Esta actividad es bastante popular debido a que la campaña es muy básica, pero bien elaborada pues en este caso se recibió el correo de pishing justamente después de haber realizado el proceso de recuperación de su contraseña del Apple ID, dando a entender que el ataque es dirigido a clientes que de alguna manera interactúan con Apple ID.
En este caso en particular, el pishing comienza desde el envío de un correo electrónico en donde te indican que “hay un problema con tu Apple ID” y es necesario actualizarlo a la brevedad posible para evitar perder el acceso a tu cuenta.
Si analizamos este correo electrónico la principal novedad es que lo primero que observamos y que debería servir como señal de alerta para indicarnos que estamos frente a un posible engaño son los campos que destacamos con un recuadro rojo.
En este caso, el remitente del correo es “iCloud” y la dirección de correo electrónico es muy sospechosa. Además, el correo está dirigido a un “Estimado Cliente”, eso significa que no está orientado a alguien en particular y finalmente la firma completamente impersonal y mal redactada al punto de decir solo “Apple”.
Si damos clic en “Revisar tu cuenta” las cosas se vuelven más sospechosas debido a que como se puede observar, una página activa, que copia a la perfección la página legítima de administración del AppleID, pero que tal como observa en su URL, nada tiene que ver con la página oficial.
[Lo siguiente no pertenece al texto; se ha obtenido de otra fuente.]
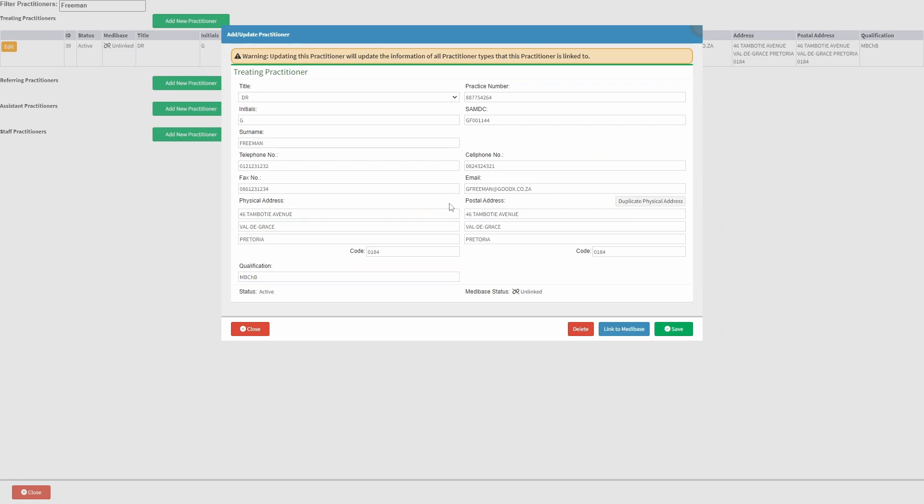If you would like to remove the practitioner, proceed and click on the delete button. To restore this practitioner, click on the undelete button.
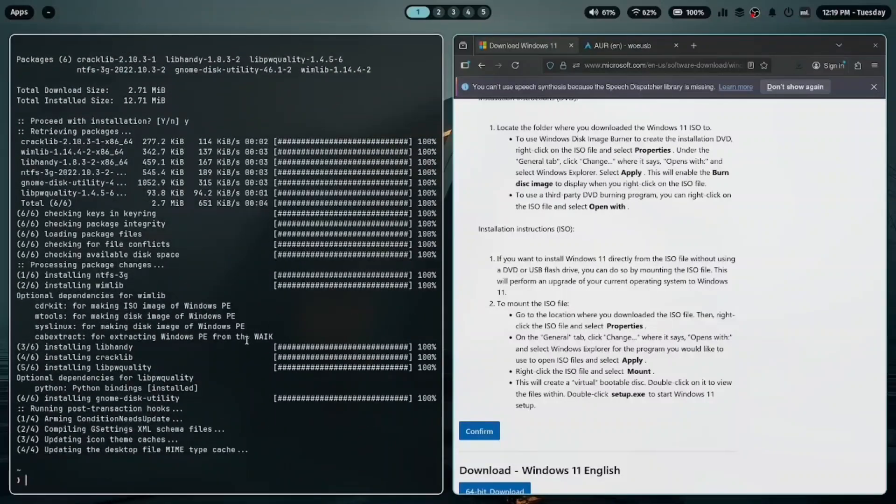After that, you'll need to install WoeUSB. You can get it using YAY by typing yay -S woeusb.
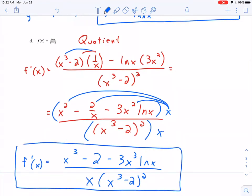Definitely get some practice in with the derivative of natural log of x. It's one that I would say you do have to have memorized, but the formula is not too difficult to remember. Just get some practice in so that we're comfortable with it, because we will be using it quite a bit in this section.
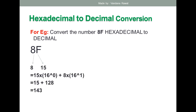So we rewrite 8F as 8 and 15. Then multiply: 15 × 16⁰ plus 8 × 16¹. Since any number to the power 0 equals 1 — whether it's 8⁰, 16⁰, 10⁰, or 2⁰ — it is always 1. So 15 × 1 = 15, plus 8 × 16 = 128. The summation gives 143. So 143 is the decimal equivalent of the hexadecimal number 8F.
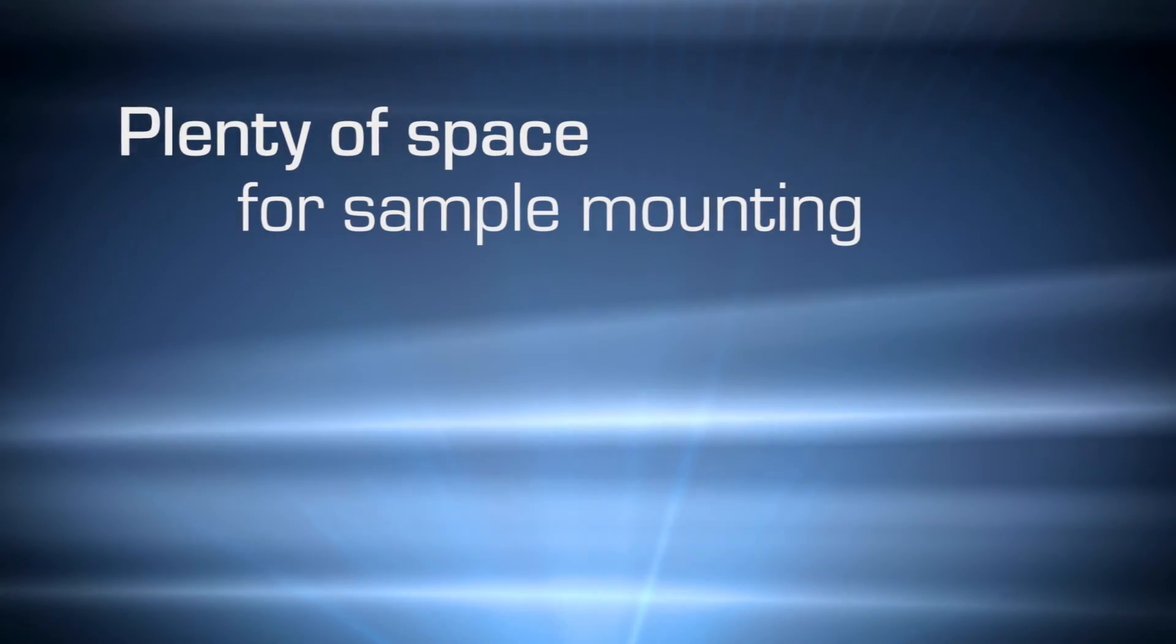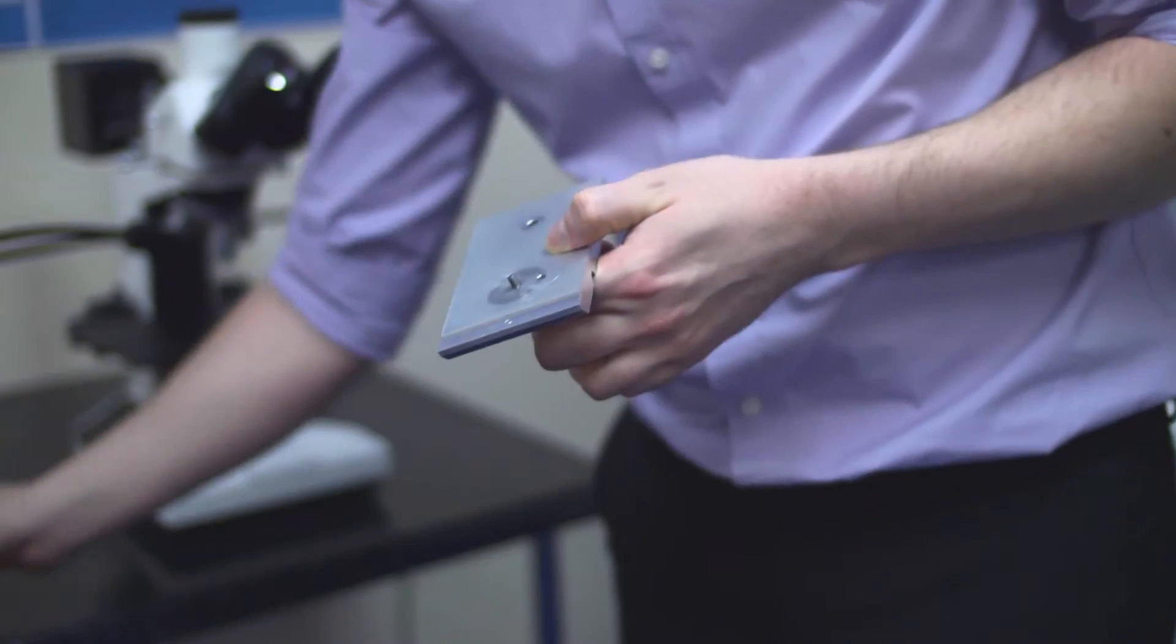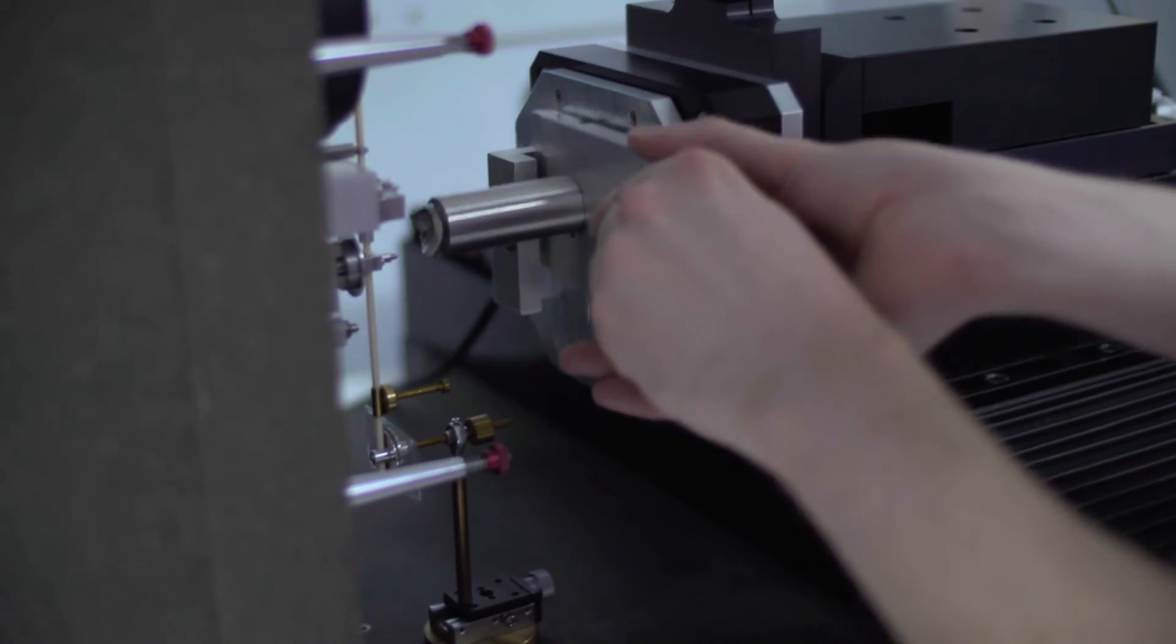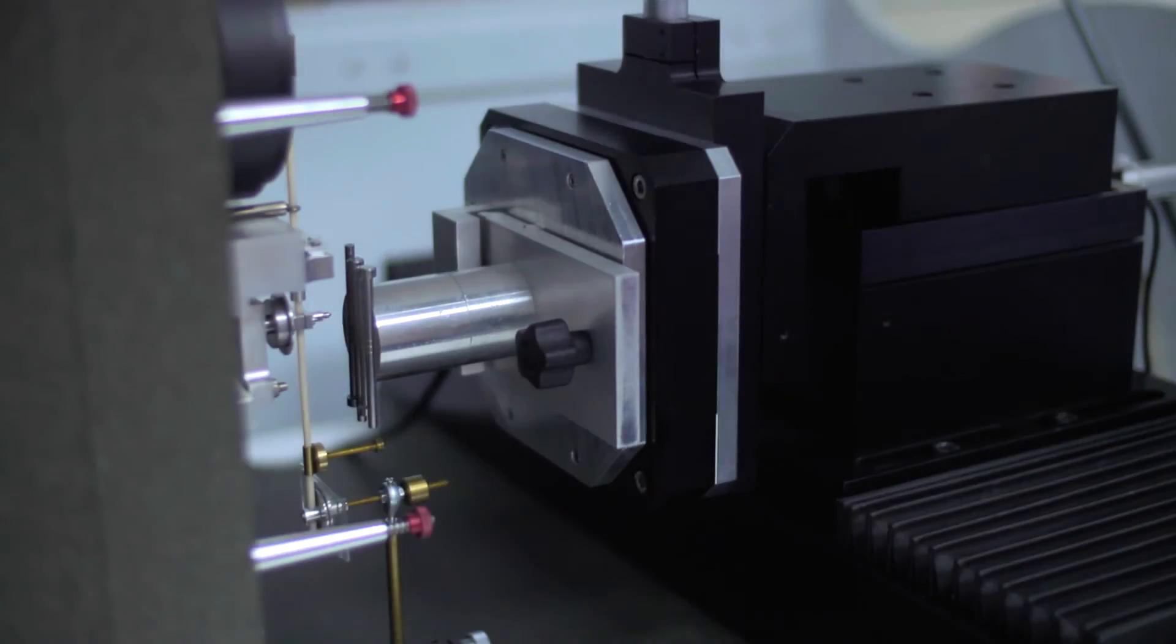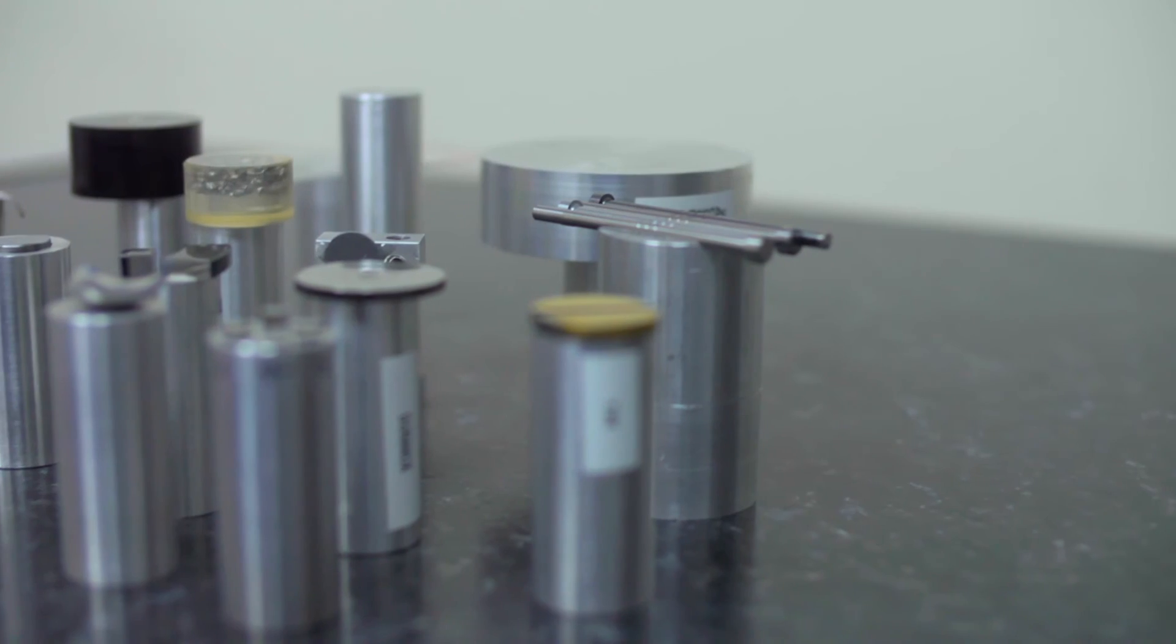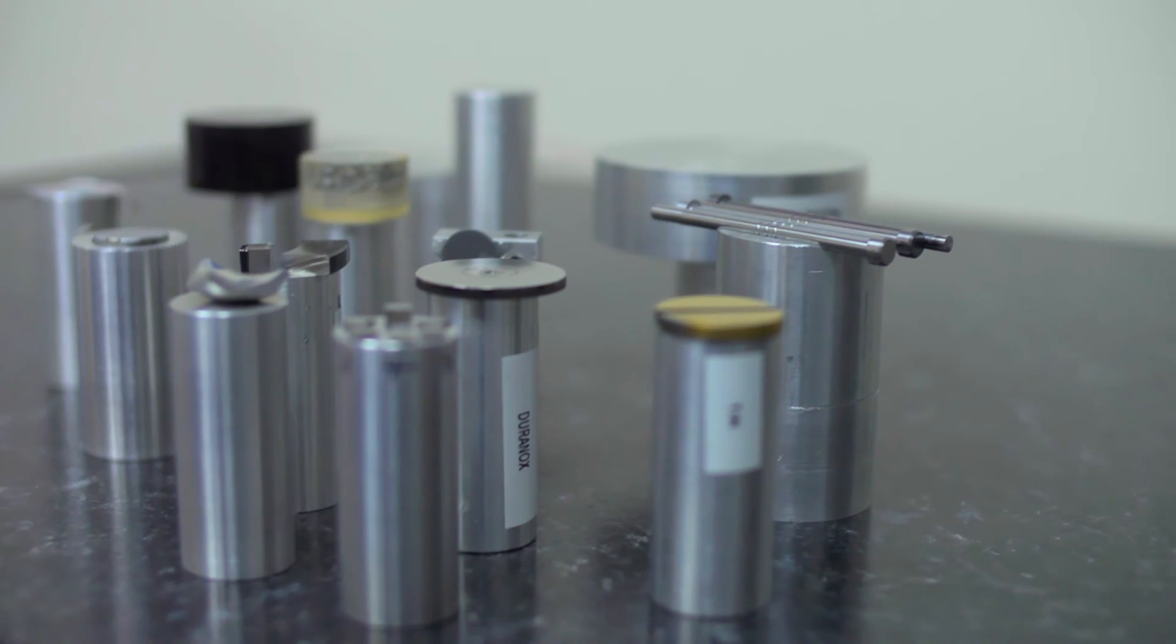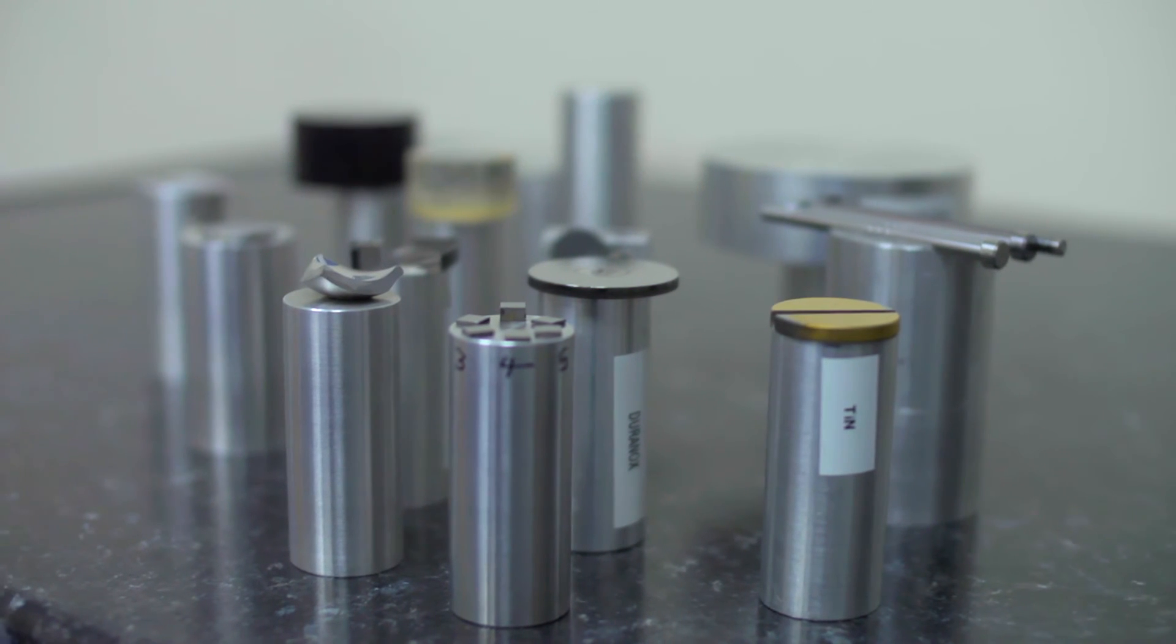One key advantage of the NanoTest systems is its open-platform design. This allows plenty of space for sample mounting, which means large or unusually shaped samples can be tested. In addition, multiple samples can be tested within one experiment schedule, without user intervention.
Aún así, seguimos adelante para ver el alcance de esta campaña.
Esta nueva página básicamente tiene un script de longitud de contraseña, ya que solicita que se ingresen como mínimo seis dígitos, como debe ser la contraseña de un Apple ID y una vez que cumplimos con esta condición se informa a la víctima lo que “supuestamente” sucedió con la cuenta.
En caso de que el usuario continué completamente el proceso le estará otorgando a los ciberdelicuentes todos sus datos personales y bancarios para que estas personas puedan utilizarlos con fines de suplantación de identidad y realizar compras en línea.
Lo particular de este formulario es que al igual que ocurre con la etapa de verificación de contraseña, en este caso el sistema está configurado para corroborar que el número de tarjeta de crédito tenga la forma correcta con 16 dígitos.
En caso de ingresar todos los datos, se despliega la siguiente pantalla indicando que el proceso de verificación se completó y nos redireccionan amablemente a la página oficial de Apple ID, engañando fácilmente a muchos usuarios despistados.
De esta forma, los ciberdelincuentes personificaba a la perfección el sitio oficial, obligando a que para darse cuenta del engaño el usuario deba ser conocedor de las buenas prácticas al verificar que el sitio tenga un certificado SSL para que la dirección empiece con HTTPS y aparezca el candado de seguridad.
Todo indicaría que se trata de una campaña completamente masiva, que busca justamente captar usuarios que interactuaron recientemente con su cuenta y esto los haga controlar menos la veracidad del mensaje recibido.
La principal recomendación es que, al igual que en los correos de phishing tradicionales que llegan por correo electrónico, nunca hay que hacer clic en enlaces que recibimos sin antes verificar su procedencia, su veracidad y comprobar que sea de un sitio oficial.